Ada kecocokan. Entah kecocokan apa? Kami berempat seperti sudah 'berjalan' saja. Kami nge-Gank. Aku, Ajeng, Eva aka Machan, dan Mila. Kami berempat punya karakter kuat yang berbeda signifikan satu sama lain. Aku yang tipikal keras dan menyukai kebebasan. Ajeng yang lebih perfeksionis dan penuh kehati-hatian dalam segala hal. Machan yang lebih santai dan cuek. Sementara Mila lebih kalem dan ngalir. Dan kami bersama.
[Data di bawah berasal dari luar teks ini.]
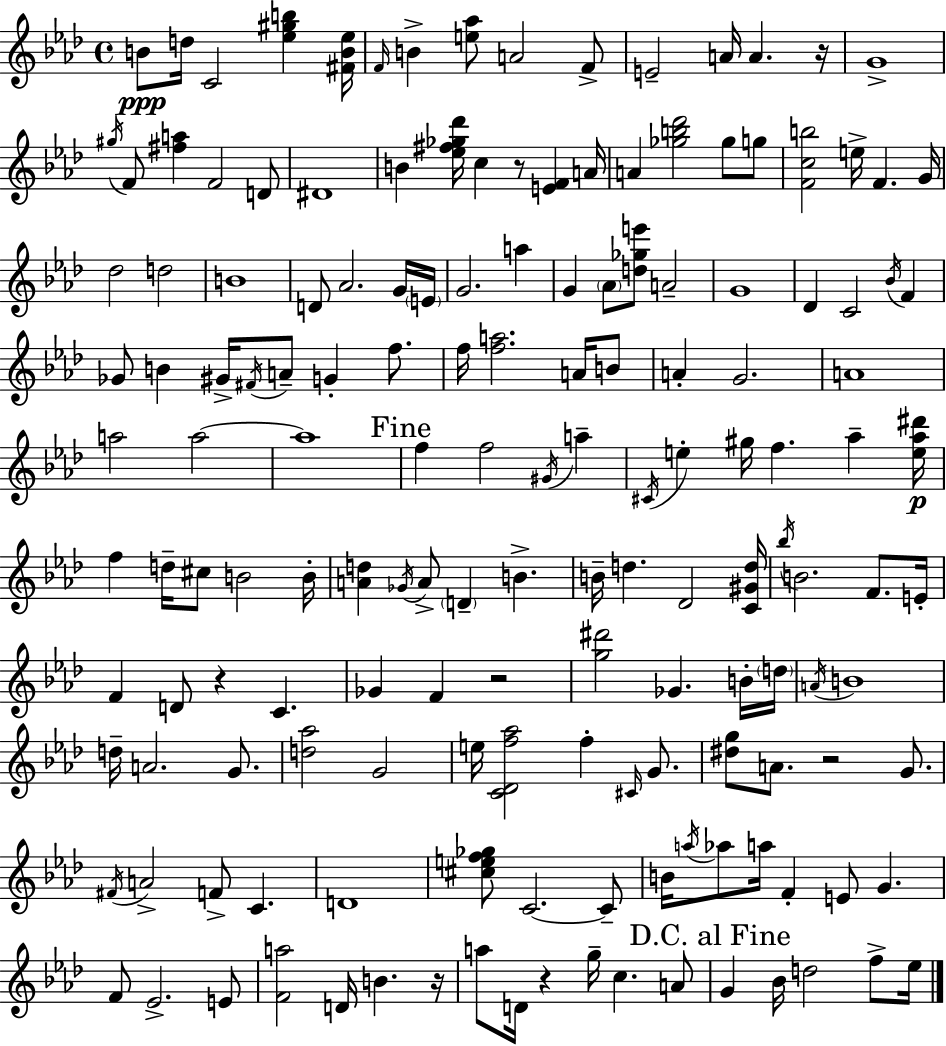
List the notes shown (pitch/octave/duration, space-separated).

B4/e D5/s C4/h [Eb5,G#5,B5]/q [F#4,B4,Eb5]/s F4/s B4/q [E5,Ab5]/e A4/h F4/e E4/h A4/s A4/q. R/s G4/w G#5/s F4/e [F#5,A5]/q F4/h D4/e D#4/w B4/q [Eb5,F#5,Gb5,Db6]/s C5/q R/e [E4,F4]/q A4/s A4/q [Gb5,B5,Db6]/h Gb5/e G5/e [F4,C5,B5]/h E5/s F4/q. G4/s Db5/h D5/h B4/w D4/e Ab4/h. G4/s E4/s G4/h. A5/q G4/q Ab4/e [D5,Gb5,E6]/e A4/h G4/w Db4/q C4/h Bb4/s F4/q Gb4/e B4/q G#4/s F#4/s A4/e G4/q F5/e. F5/s [F5,A5]/h. A4/s B4/e A4/q G4/h. A4/w A5/h A5/h A5/w F5/q F5/h G#4/s A5/q C#4/s E5/q G#5/s F5/q. Ab5/q [E5,Ab5,D#6]/s F5/q D5/s C#5/e B4/h B4/s [A4,D5]/q Gb4/s A4/e D4/q B4/q. B4/s D5/q. Db4/h [C4,G#4,D5]/s Bb5/s B4/h. F4/e. E4/s F4/q D4/e R/q C4/q. Gb4/q F4/q R/h [G5,D#6]/h Gb4/q. B4/s D5/s A4/s B4/w D5/s A4/h. G4/e. [D5,Ab5]/h G4/h E5/s [C4,Db4,F5,Ab5]/h F5/q C#4/s G4/e. [D#5,G5]/e A4/e. R/h G4/e. F#4/s A4/h F4/e C4/q. D4/w [C#5,E5,F5,Gb5]/e C4/h. C4/e B4/s A5/s Ab5/e A5/s F4/q E4/e G4/q. F4/e Eb4/h. E4/e [F4,A5]/h D4/s B4/q. R/s A5/e D4/s R/q G5/s C5/q. A4/e G4/q Bb4/s D5/h F5/e Eb5/s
Banyak hari yang kami lewati bersama. Dari kuliah yang duduknya selau berderet, Ajeng pastinya yang sudah nge-take. Nona manis ini datang ke kampus selalu paling pertama diantara kami berempat. Aku, Mila, dan Machan kami satu kosan. Jarak kosan ke kampus tidak sampai 10 menit, sementara kala itu Ajeng masih bermukin di Kalibata dan selalu tiba paling pertama di kampus. Sadis kan?hehe

Kosan selalu jadi base camp klo sudah mendekati UTS dan UAS. Belum lagi kalau sudah banyaknya tugas praktikum. Kalkir, Rotring, Penggaris, Pensil, semua benda Kartografi tergelar acak-acakan dilantai. Kami terjaga dari malam demi sebuah tugas. Belum lagi masa-masa freshman yang masih direcokan oleh matakuliah "Dasar" Matdas, Kimdas, Fisdas, Biolum, dan mata kuliah wajib lainnya. Kami belajar bersama. Ajeng selalu menginap jika masa muda kami harus terenggut oleh Belajar. Dan kami menikmati kebersamaan itu.

Sabtu dan Minggu bukanlah waktu untuk bersenang-senang. Weekend kami selalu dihabiskan dengan mengerjakan tugas. Perpus Pusat (lama), Asrama Mahasiswa, Kamar kosan, bahkan selasar gedung jurusan menjadi saksi mati masa kuliah kami. Tetapi lagi-lagi kami senang-senang saja. Tertawa bersama, tak peduli berapa banyak tugas yang harus diselesaikan, tak perduli betapa kami jarang sekali memiliki weekend yang sesungguhnya. Weekend yang sepantasnya menjadi ajang hangout atau sekedar jalan.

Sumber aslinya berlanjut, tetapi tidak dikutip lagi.